You can perhaps squeeze more out of the data by running the whole process many times, with a different random partition of the data each time. The output is a distribution of outcomes. This will give you a sense for how stable your model building process is and how reliable are the predicted performances. Warning: this process is likely to be enlightening but depressing at the same time.
Some learning technologies such as Support Vector Machines inherently deal with bias variance tradeoffs. Others have parameters that allow you to control the bias. Often the bias-limiting factor is called 'lambda' - effectively you apply a cost or a fee to each additional parameter in your model.
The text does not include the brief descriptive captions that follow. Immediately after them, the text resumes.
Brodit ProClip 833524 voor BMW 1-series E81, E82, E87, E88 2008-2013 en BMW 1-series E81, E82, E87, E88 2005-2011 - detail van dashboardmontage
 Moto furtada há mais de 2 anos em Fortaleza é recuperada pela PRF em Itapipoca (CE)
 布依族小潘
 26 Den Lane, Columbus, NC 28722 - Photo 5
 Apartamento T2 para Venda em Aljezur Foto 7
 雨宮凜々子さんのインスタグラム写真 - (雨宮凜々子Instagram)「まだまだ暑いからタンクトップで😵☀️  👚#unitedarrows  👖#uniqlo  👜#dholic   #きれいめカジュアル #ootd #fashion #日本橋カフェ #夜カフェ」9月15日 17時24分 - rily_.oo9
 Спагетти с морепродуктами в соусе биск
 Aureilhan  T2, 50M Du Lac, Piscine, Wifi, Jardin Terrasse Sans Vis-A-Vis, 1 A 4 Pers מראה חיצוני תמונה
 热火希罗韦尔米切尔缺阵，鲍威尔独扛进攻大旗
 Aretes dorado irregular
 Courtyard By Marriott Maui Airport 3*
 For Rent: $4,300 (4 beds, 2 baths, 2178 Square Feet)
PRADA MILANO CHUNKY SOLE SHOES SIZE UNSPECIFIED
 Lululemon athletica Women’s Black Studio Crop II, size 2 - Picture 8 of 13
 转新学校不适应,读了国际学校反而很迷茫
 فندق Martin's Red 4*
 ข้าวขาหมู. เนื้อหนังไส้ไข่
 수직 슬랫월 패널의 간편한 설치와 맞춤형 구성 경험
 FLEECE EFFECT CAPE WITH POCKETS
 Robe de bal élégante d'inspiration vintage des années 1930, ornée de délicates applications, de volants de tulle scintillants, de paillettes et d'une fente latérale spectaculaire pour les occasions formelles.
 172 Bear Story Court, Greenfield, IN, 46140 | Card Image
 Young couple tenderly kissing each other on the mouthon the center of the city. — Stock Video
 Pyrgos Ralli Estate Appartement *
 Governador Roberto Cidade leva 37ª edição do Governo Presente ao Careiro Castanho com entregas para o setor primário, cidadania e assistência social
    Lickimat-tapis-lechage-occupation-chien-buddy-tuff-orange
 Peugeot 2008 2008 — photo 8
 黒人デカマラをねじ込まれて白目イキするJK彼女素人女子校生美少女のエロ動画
See for example (all this material requires a fair bit of mathematics unfortunately):
http://www.ml-class.org/course/resource ... -materials
or
http://cs229.stanford.edu/materials.html
or
(lectures from above notes)
http://www.youtube.com/watch?v=UzxYlbK2 ... ure=relmfu
or
http://www.youtube.com/user/mathematica ... A0D2E8FFBA
As I mentioned in an earlier posting, the Vapnik Chervonenkis theorems guarantee that your optimized model will be probably close to correct, subject to its bias, and based on certain assumptions.
That is to say, a model's biases - its assumptions and limitations - creates a source of errors that no amount of data can overcome. On top of that, VC says that there is random error that can be reduced to any required level given enough data of the right kind.
The caveat about the right kind of data is the killer. The requirement is that the data you have is drawn at random from the target distribution. This means if the structure of returns is changing, or if your data is not representative then your results can be way off.
For example let's say you develop a stock market timing model based on US and Australian data for the last 110 years, as I did. These are two of the best-performing stock markets during that time. And it was a time when overall economic growth in the world was very high.
If you attempt to apply this model to the future, this may not work if you apply it to average stock markets, and to a hypothetical future world where economic growth is sluggish.